**WHAT IS NEEDED**
Within the data, how many lines hold the word "orange"? Answer with nothing but the number.

[Opening INPUT DATA section]

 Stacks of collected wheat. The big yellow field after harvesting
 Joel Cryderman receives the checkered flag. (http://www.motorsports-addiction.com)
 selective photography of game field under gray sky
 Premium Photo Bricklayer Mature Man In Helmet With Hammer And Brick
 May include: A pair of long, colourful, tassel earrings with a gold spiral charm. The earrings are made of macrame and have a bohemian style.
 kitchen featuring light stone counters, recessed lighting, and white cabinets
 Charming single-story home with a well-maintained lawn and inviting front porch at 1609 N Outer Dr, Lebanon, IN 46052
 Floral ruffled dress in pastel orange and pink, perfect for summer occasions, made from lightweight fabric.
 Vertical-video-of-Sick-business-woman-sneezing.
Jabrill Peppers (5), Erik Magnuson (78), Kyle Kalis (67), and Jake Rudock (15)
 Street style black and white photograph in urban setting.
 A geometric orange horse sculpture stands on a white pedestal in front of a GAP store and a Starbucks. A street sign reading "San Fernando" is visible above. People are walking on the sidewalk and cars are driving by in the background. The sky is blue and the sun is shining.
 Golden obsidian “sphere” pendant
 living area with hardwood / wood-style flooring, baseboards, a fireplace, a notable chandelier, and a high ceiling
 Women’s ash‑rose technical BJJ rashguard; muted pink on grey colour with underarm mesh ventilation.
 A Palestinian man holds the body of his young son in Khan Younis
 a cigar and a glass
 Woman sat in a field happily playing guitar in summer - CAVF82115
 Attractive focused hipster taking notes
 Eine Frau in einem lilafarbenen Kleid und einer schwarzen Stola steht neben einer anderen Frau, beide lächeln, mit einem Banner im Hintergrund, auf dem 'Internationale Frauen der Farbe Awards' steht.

[Closing INPUT DATA section]

**TASK RESULT**
2